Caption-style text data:
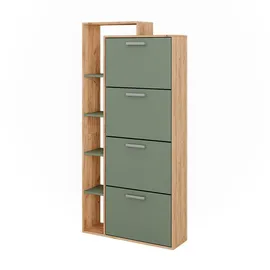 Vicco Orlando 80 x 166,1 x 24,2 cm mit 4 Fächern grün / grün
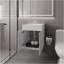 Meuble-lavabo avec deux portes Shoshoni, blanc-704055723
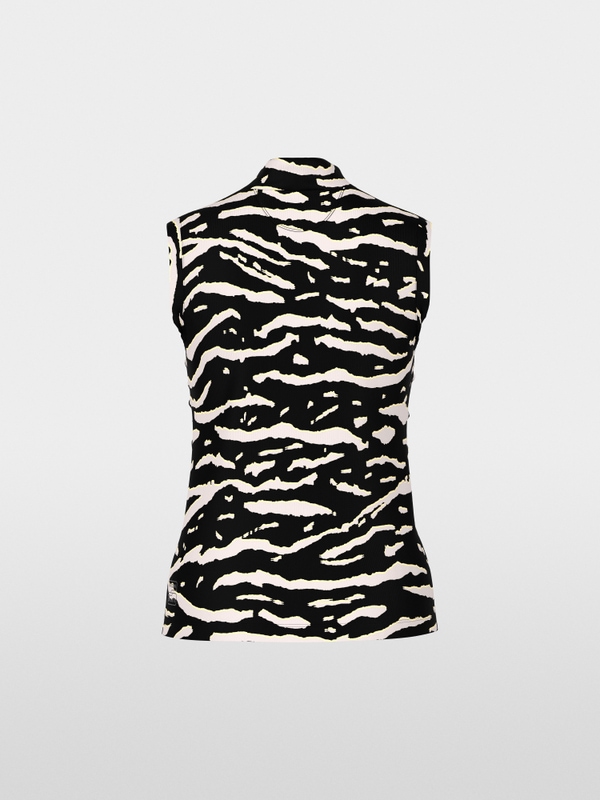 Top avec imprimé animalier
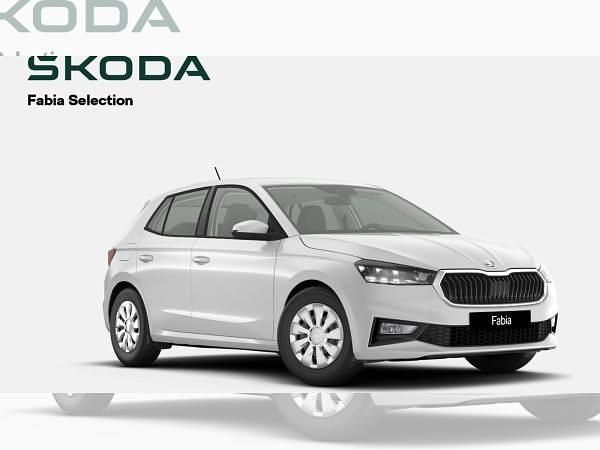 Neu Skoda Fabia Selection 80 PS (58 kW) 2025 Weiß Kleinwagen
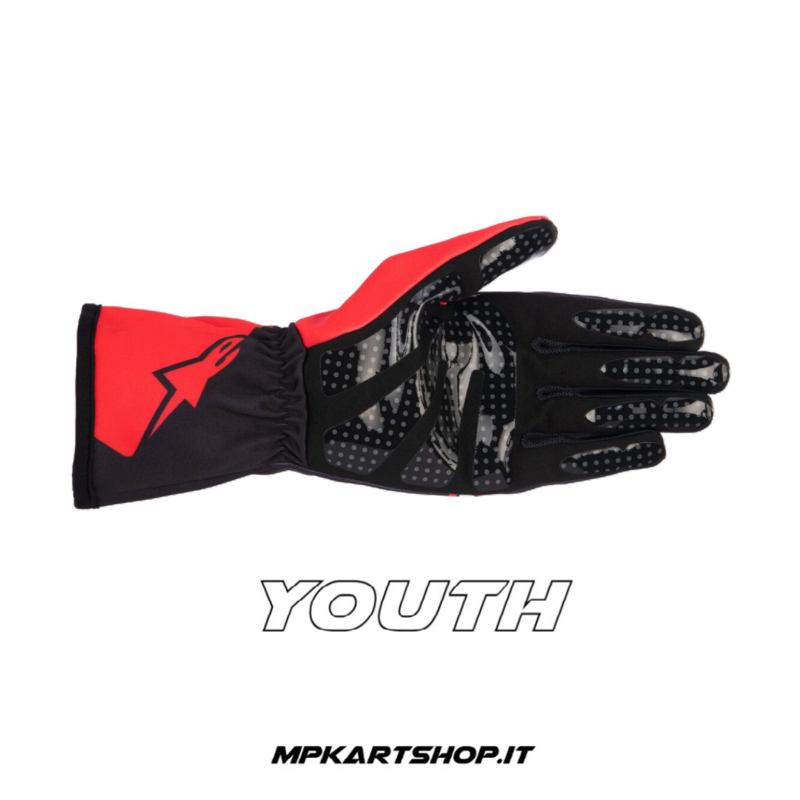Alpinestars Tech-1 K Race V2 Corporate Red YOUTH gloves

• [TASK TO COMPLETE]: Write out, word for word, the line containing "Top avec imprimé animalier" and each line after it to the end of the data, and nothing more. Drop the pictures.

• [SOLUTION]:
 Top avec imprimé animalier
 Neu Skoda Fabia Selection 80 PS (58 kW) 2025 Weiß Kleinwagen
Alpinestars Tech-1 K Race V2 Corporate Red YOUTH gloves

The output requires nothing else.